Je me sens très proche du continent africain. Sans savoir pourquoi. J’ai l’impression que je suis chez moi. Dans notre mission on était douze. A la fin du séjour on va au zoo et le guide nous dit en s’amusant : il y a un lion et si on le lâche on sait qui il va attaquer. Je n’ai pas réagi. J’ai demandé qui ? Et en riant il a dit : toi, tu es le seul blanc. Pour moi il n’y avait pas de différence entre nous. Je veux comprendre comment aider l’Afrique sans ingérence, sans renier notre Histoire, pour que la démocratie s’installe durablement.

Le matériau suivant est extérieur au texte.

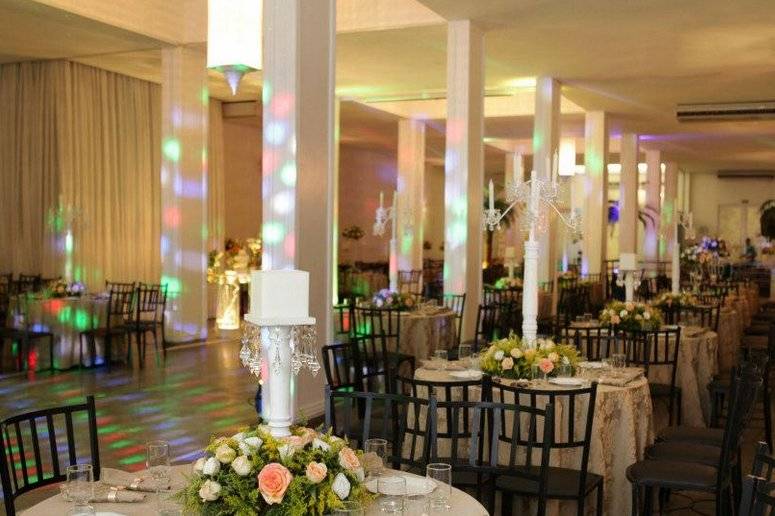 Salão para casamentos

Compliqué vu les régimes actuels.
Oui mais je n’ai pas envie d’exporter notre démocratie. C’est bien pour ça que c’est compliqué car ils ont essayé d’importer notre modèle. Il faut creuser sans juger. On n’a pas le même prisme.

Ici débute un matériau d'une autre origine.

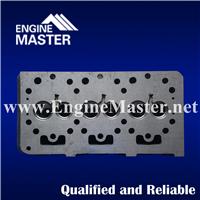 D950 Engine Cylinder Head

On a joué longtemps un double jeu en Afrique ? On ne bouge pas.
Vous avez raison mais je veux faire quelque chose avec le peuple malien. Le Mali c’est récent. L’indépendance date de 1960. Pour eux ils ont une citoyenneté différente dans un pays fier. Ils sont d’une vraie gentillesse alors que c’est un des pays les plus pauvres au monde. Ils souhaiteraient que l’union africaine ressemble à l’Europe. C’est mon ressenti. Je découvre le Mali. J’ai rencontré l’auteur Michel Rodrigue à Fabrègues qui me disait avoir fait un spectacle à Édimbourg, marionnettes et BD. Je viens juste de découvrir un livre sur les marionnettes maliennes. Voilà un axe intéressant. L’Afrique est francophone avec une démographie exponentielle. Ce qui m’intéresse avec la langue française, pas obligatoirement celle de Molière au sens littéraire du terme, c’est qu’on ait une culture commune et des valeurs. Il faut que l’utilisation du français perdure et qu’on se rapproche.

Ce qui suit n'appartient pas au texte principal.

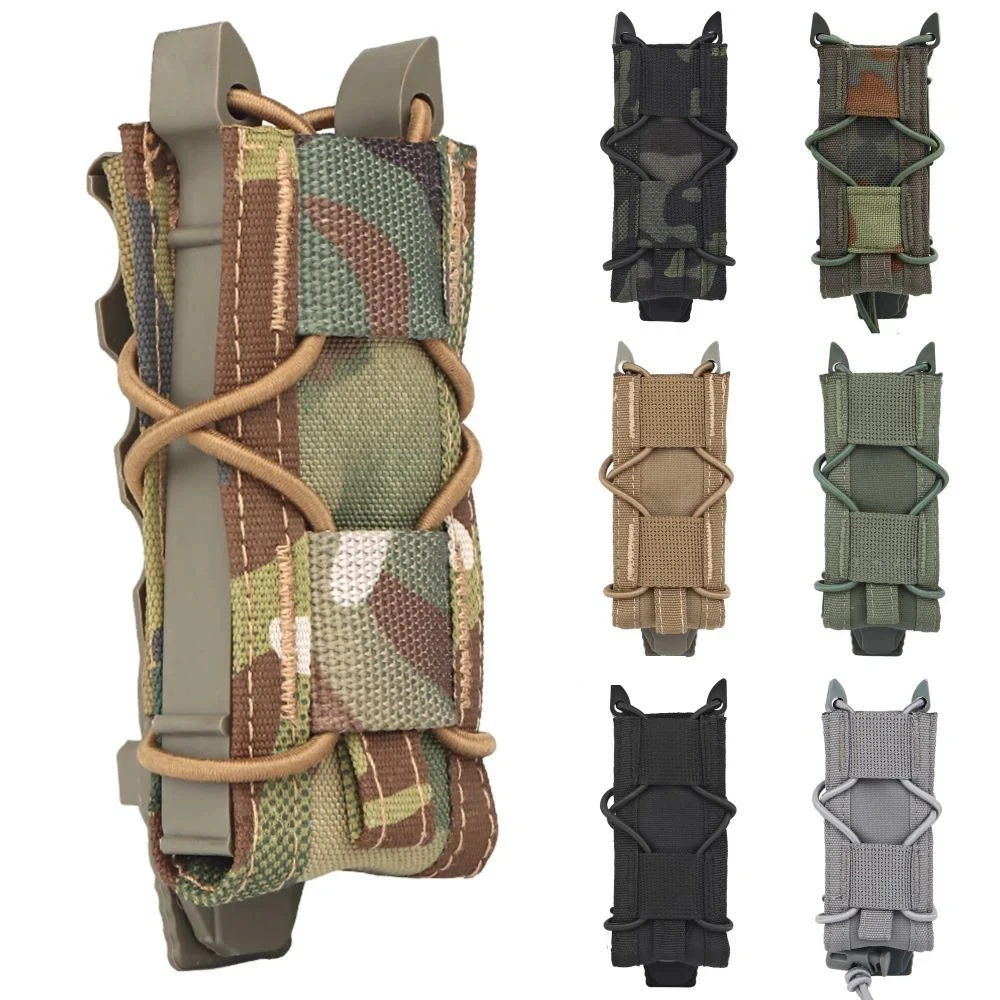 Magazine Pouch 9MM Tactical Mo – обзор и цена Edc Carry Kit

Un retour sur la BD, des festivals et des auteurs, vous vous sentez concerné ?
Oui, je vais m’y intéresser de près. Si je peux apporter une pierre à l’édifice. Je vais rencontrer des auteurs, me rapprocher des éditeurs. Je veux écouter sur les droits d’auteurs, avoir une vraie vision. Ce n’est pas normal qu’un scénariste ou un dessinateur ne gagne pas sa vie.
Pour des festival futurs dans le département, vous avez des idées ?
Pourquoi pas mais je n’y ai pas vraiment réfléchi. Il faudra donner une vraie identité au projet si on en lance un.